I used to live for the weekends. Like most of the working world my weekend used to mean freedom from the stress and aggravation of having to produce something that will appease the boss. My weekend mean something very different now. In my world they don't exist any more. There is still house work to do, still a baby to look after and still a husband to clean up after. No more Friday night drinks. No more Saturdays shopping and wasting time with my friends. No more lazy Sunday's nursing a hangover and watching films in my pajamas. Those days are gone and have been replaced with something that maybe more mature, more worthwhile but damn, it's nowhere near as fun.

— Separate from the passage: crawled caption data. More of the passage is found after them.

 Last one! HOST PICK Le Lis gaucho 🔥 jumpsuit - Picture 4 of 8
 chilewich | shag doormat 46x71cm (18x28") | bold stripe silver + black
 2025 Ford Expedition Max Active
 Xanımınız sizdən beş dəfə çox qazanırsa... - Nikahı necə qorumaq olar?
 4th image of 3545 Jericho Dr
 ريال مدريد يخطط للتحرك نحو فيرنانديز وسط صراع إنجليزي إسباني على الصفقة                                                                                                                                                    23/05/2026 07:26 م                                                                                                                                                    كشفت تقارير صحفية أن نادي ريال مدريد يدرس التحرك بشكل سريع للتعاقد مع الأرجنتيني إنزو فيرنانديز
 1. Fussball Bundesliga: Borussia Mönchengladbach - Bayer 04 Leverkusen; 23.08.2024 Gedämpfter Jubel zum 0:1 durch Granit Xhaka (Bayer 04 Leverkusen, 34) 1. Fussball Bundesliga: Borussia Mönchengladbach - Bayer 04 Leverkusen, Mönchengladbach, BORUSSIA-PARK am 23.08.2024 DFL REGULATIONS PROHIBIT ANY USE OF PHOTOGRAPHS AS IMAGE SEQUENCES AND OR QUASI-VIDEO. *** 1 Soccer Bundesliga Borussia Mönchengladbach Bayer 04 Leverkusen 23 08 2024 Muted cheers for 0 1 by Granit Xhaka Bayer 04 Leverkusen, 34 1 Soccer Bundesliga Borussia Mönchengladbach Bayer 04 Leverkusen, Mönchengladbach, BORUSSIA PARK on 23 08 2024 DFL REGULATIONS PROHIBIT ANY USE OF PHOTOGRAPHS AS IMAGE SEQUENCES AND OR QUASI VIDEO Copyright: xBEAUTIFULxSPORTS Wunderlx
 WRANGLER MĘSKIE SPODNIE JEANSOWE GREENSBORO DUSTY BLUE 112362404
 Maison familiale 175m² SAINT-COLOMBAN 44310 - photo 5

My Friday nights are now filled with washing and making up feeds, looking after my son and trying to get a head start on all the little jobs I have to do so that by Sunday I can just sit and enjoy what little time we have together as a family. My Saturdays and no longer spent chatting with my friends and wandering round the mall, but spent fighting my way around the supermarket because i have forgotten something. My Saturday nights are not filled with drunken revelry but with late night feeds and bad 80s buddy cop movies. My Sundays though, if I have planned it right will be filled with films and cuddling on the sofa. It doesn't happen as much as I would like as my husband is more often than not sat at his pc working on something that I can only guess at. The world and your life changes. You can fight it and you can bemoan your fate or you can stop and enjoy what you have. I may not have the freedom of my youth but I have a man who I love more than live who I know feels the same, I have a son who smiles when he sees me and I have a big ass tv for watching those bad 80s buddy cop movies.